Earlier on I mentioned about less is more, it’s a key aspect in this domain. You must ensure you don’t overload/overcrowd the site with too much information; this will comprise your ability to layout and structure details properly. It is often advised that your layout & structure must be grid-based. This gives a semblance of symmetry and spatial integrity – both qualities that are more appealing to the human eye.


The colour scheme is a very crucial component in any computer-based user interfaces (UI). The key secret is this: use few different colours & ensure the contrast is high. The sole purpose of this is to ensure the text or images on the site are clearly distinguishable & readable. It is advisable to make your colour scheme to be based on the blue & white colours – the human brain perceives those colours favourably. No wonder you find that Facebook, Twitter & LinkedIn are like that; whilst Google is predominantly white – it’s not a coincidence.


When someone gets onto a website, how they ought to find their way must be apparent (people mustn’t experience cognitive stress trying to figure it out). Normally the navigation panel must be at the top (that’s what people are mostly accustomed to); if it’s elsewhere it should be clear to the user. The conversion path, which is the clicks one makes to complete any process, must be very short (some recommend at most 3 clicks). Most websites make the mistake of making the conversion path long; this will frustrate users and prematurely leave the site. Another mistake people make here is to bombard the user with tonnes of information all at once. Instead you must be incremental in your approach i.e. systematically increment the information presented to the user in small chunks layer by layer. For navigation to be seamless, page loading speeds must be swift – if they aren’t users won’t hesitate to leave the site.

Optimization For Mobile

I have witnessed a fair share of websites devoid of this important quality; it is also commonly referred to as responsiveness. It’s no secret that the vast majority of people now access websites on mobile devices. Hence, the way your site looks on desktop devices should more or less be the same on mobile (with the exact same functionality & usability). For most websites, once you access it using mobile it becomes a disaster i.e. the layout becomes distorted, functionality becomes compromised & in some cases all the graphical elements are lost and only rich text appears.
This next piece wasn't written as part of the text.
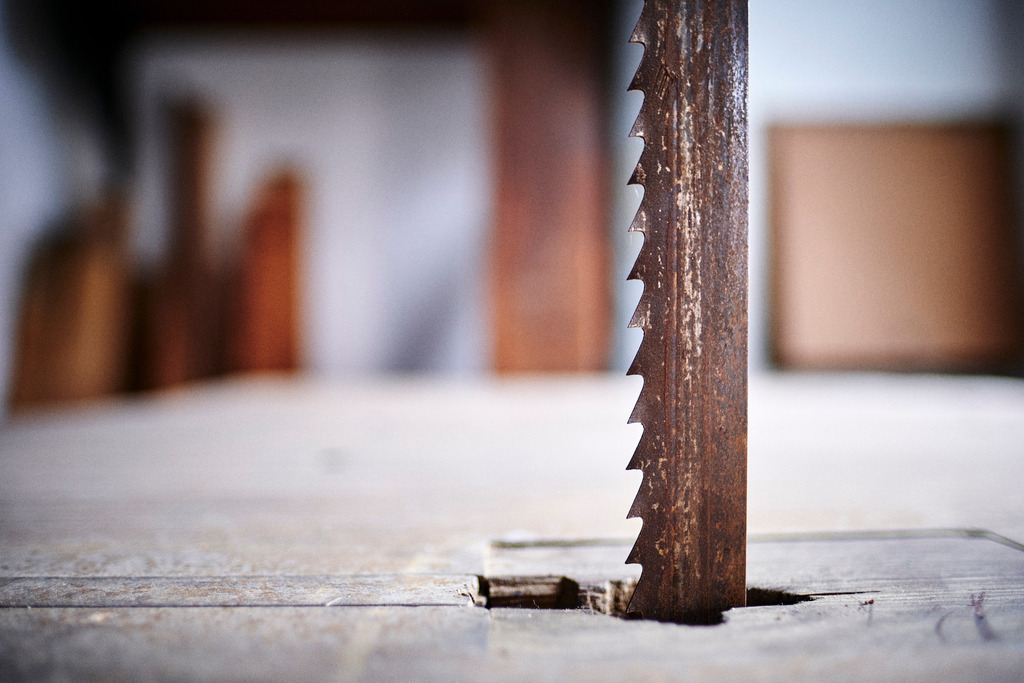 Teil einer Bandsäge in der Tischlerei | Mönchhof, Austria - October 06, 2021: Dorfmuseum Mönchhof; Teil einer Bandsäge in der Tischlerei. - Realisiert mit Pictrs.com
Animations are quite a cool feature but can also compromise the quality of your website. They must (if used), be smooth, non-interruptive & swift. If properly incorporated they can create an impression of sophistication and speed which can keep your users hooked on the site. I would advise that they must only be used if their nature is closely tied in to function & not just for the mere look factor. If you aren’t really conversant with this feature it is safer not to use them.


How many of you have logged onto a website, clicked on a link and it redirected you to something else other than what it’s labelled to get you to? Or how many of you have logged onto to, for instance, a blog site and the text is riddled with hypertext? These are some of the bad examples of using links inappropriately. When it comes to the use of links, be modest in the amount of links you incorporate on the site. You also have to ensure you clearly label them and you correctly encode them.

Concluding Remarks

When developing a website the overarching issue is ergonomics. Simply put, your site must be functional (UI) & usable (UX) i.e. user interface & user experience. In pursuit of all this you must major on simplicity – make it clear, make it simple. You must know that it only takes a few seconds upon logging onto a site for a user to decide whether or not to stay on it. The fact that the user has infinite alternatives to explore makes them very intolerant of shoddy websites. When designing a site the aesthetic component is important but it must be subservient to the functionality component. Remember it’s about users at the end of the day; therefore be user-centred in the choices you make in web design.